*** Block opens ***
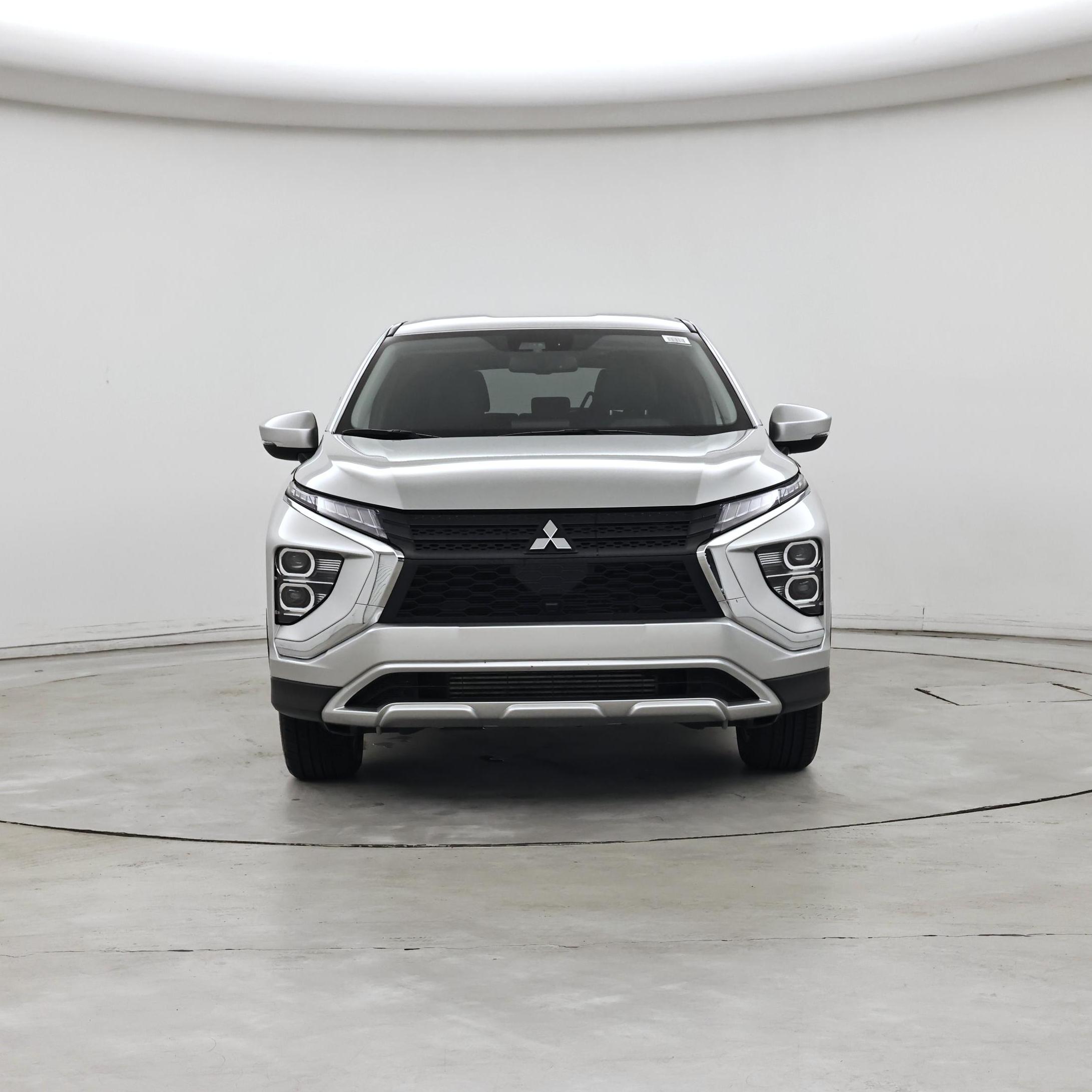 Thumbnail: 2025 Mitsubishi Eclipse Cross - 5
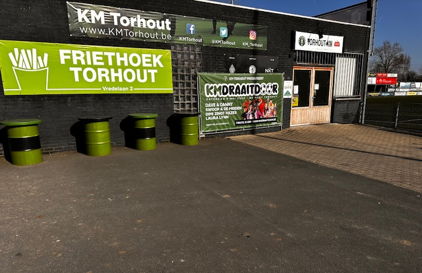 Voorbeschouwing KRC Harelbeke - KM Torhout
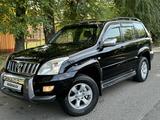 Toyota Land Cruiser Prado 2007 года за 12 800 000 тг. в Алматы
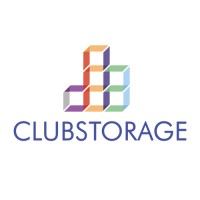 Club Storage B.V. logo - Similar company to Cewlbox Bv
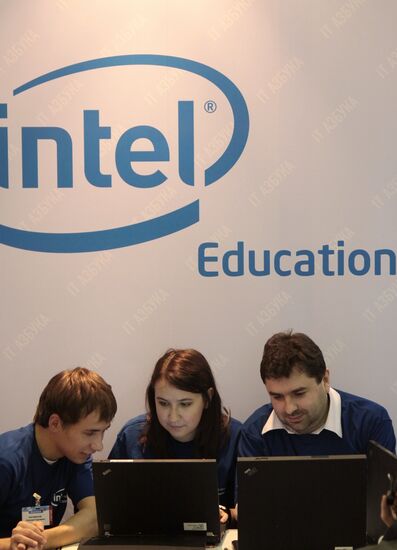 InfoCom 2008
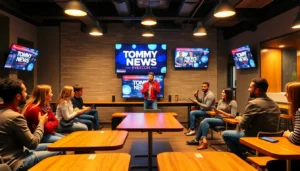 tommy news eyexcon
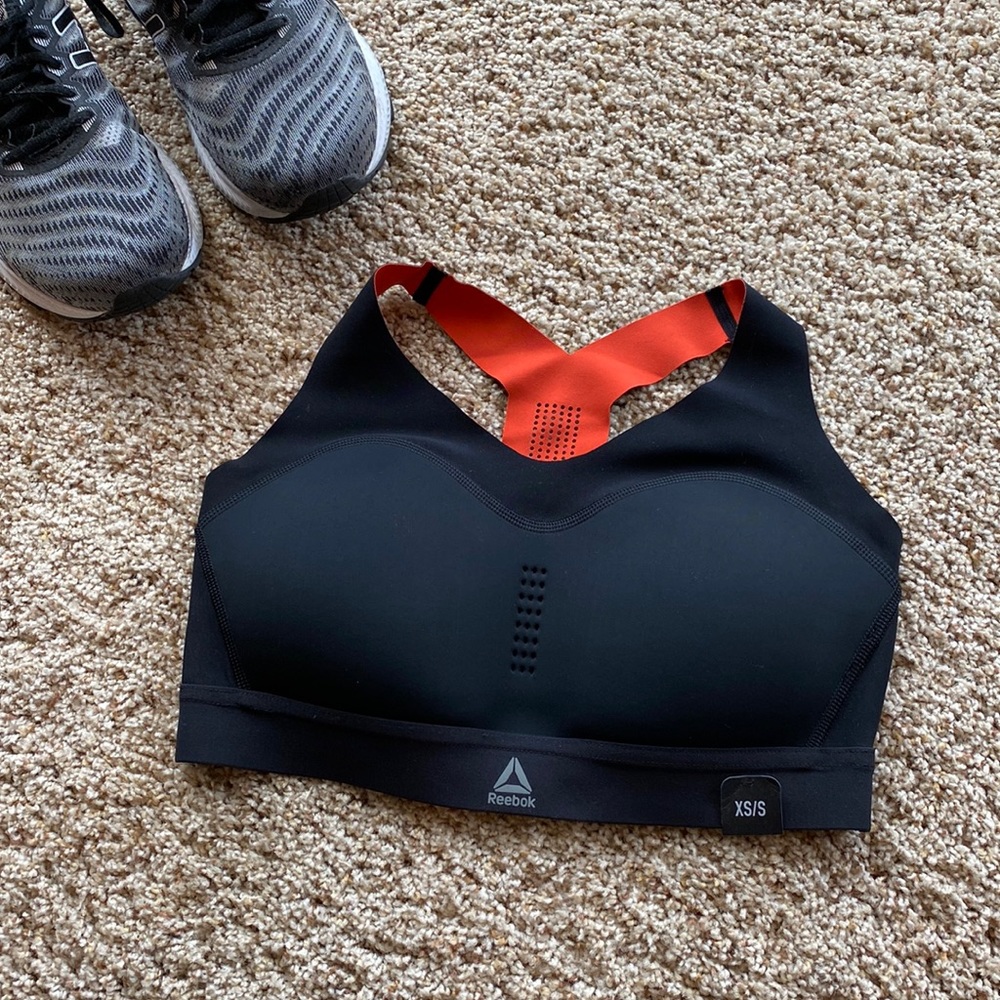 Reebok PureMove Sports Bra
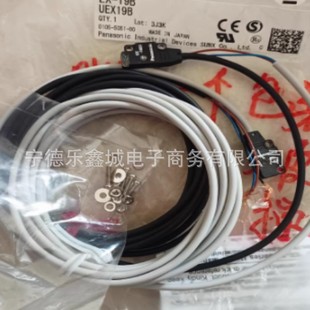 Panasonic Sensor Ex-19B Bargaining Sensor Switch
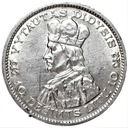 Litwa 10 Desimts Litu 1936 Witold Kiejstutowicz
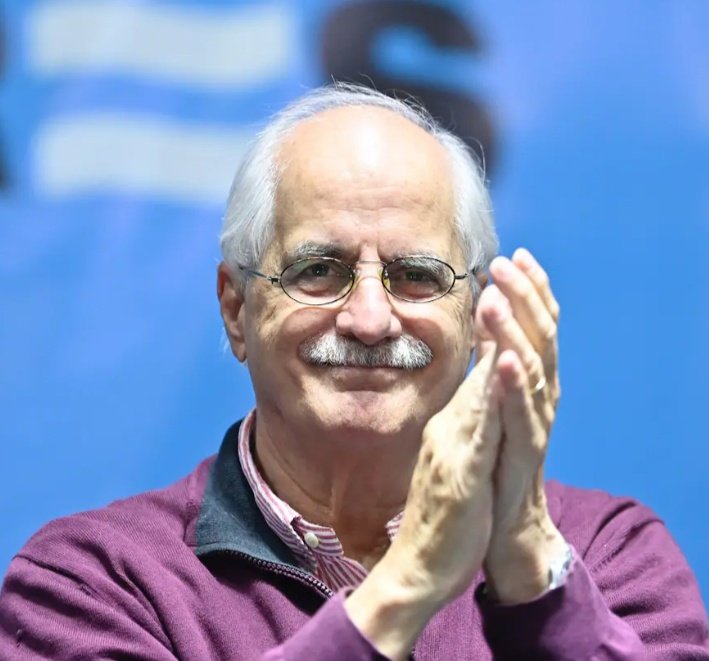 Taiana: “Milei quiere ser alumno distinguido de Trump y aplaudir todas sus barrasadas”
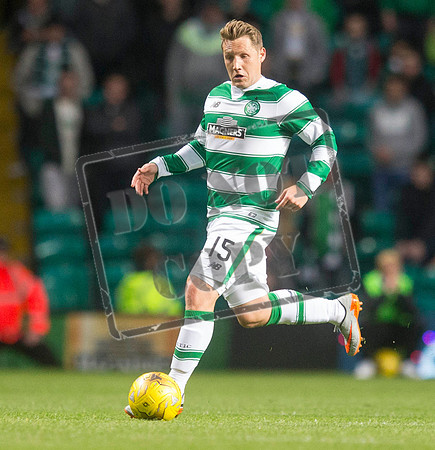 SOCCER Celtic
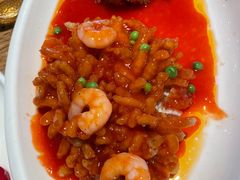 -芳芳私房菜·精做淮扬菜(承德路店)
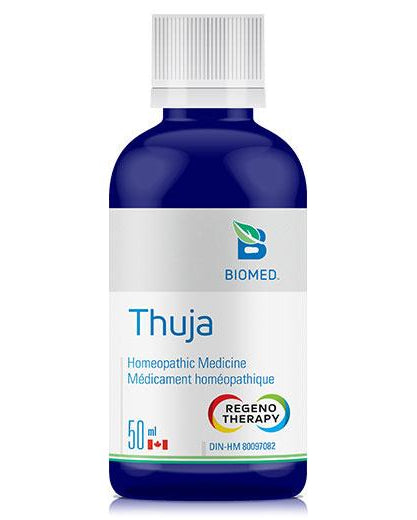 BIOMED    Thuja   50 ml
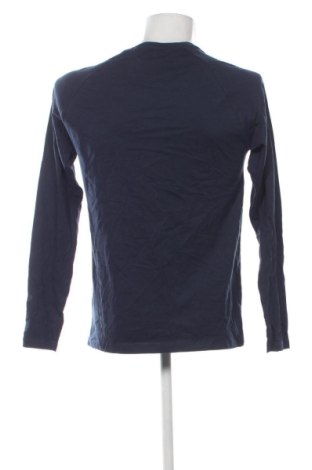 Ανδρική μπλούζα Mantaray, Μέγεθος S, Χρώμα Μπλέ, Τιμή 10,99 €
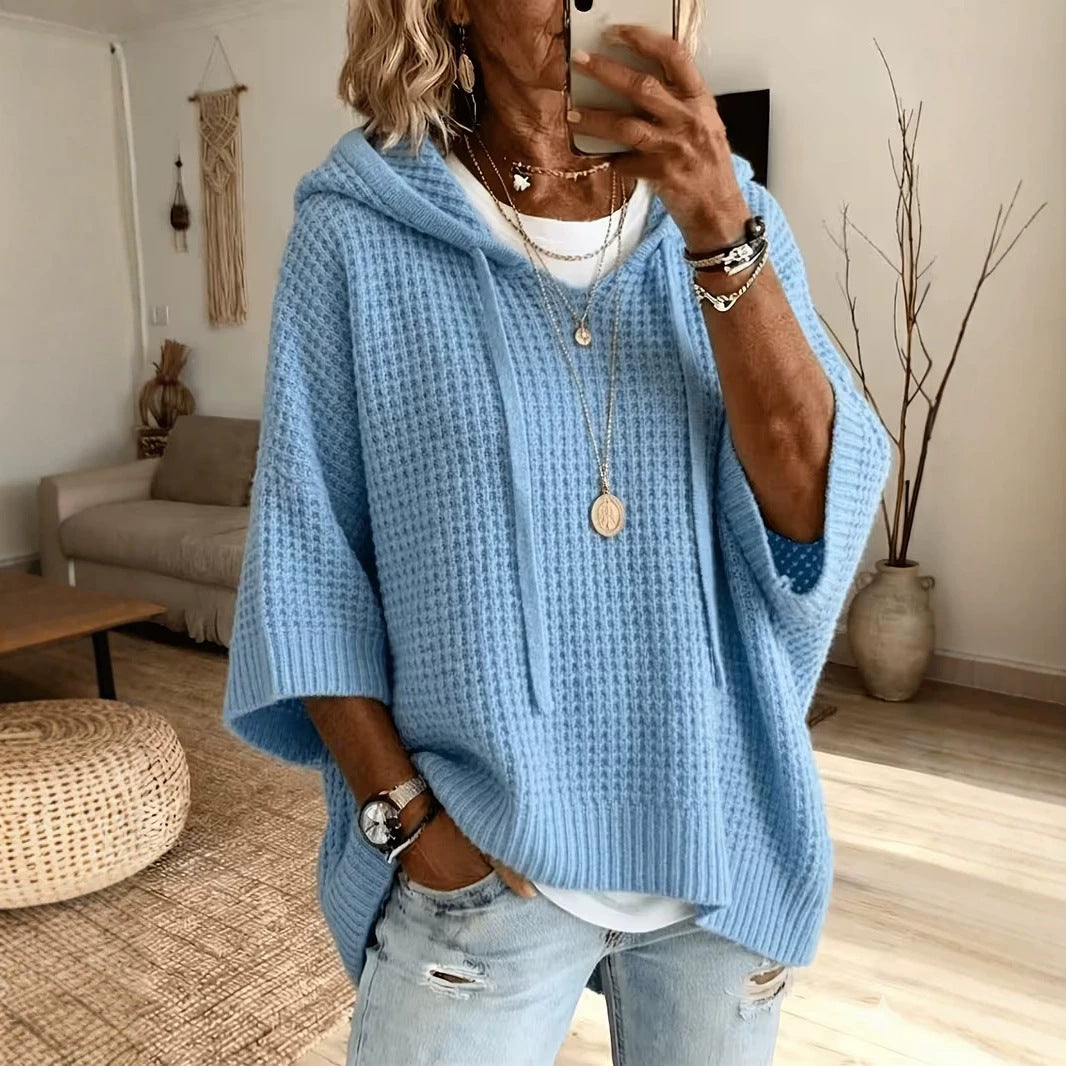 Hoodie im Casual-Look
*** Block closes ***
* **PROBLEM DESCRIPTION**
Give again, word for word, each line from the one holding "Reebok PureMove Sports Bra" through the end of the entries, and leave out any picture.

* **RESULT**
 Reebok PureMove Sports Bra
 Panasonic Sensor Ex-19B Bargaining Sensor Switch
 Litwa 10 Desimts Litu 1936 Witold Kiejstutowicz
 Taiana: “Milei quiere ser alumno distinguido de Trump y aplaudir todas sus barrasadas”
 SOCCER Celtic
 -芳芳私房菜·精做淮扬菜(承德路店)
 BIOMED    Thuja   50 ml
 Ανδρική μπλούζα Mantaray, Μέγεθος S, Χρώμα Μπλέ, Τιμή 10,99 €
 Hoodie im Casual-Look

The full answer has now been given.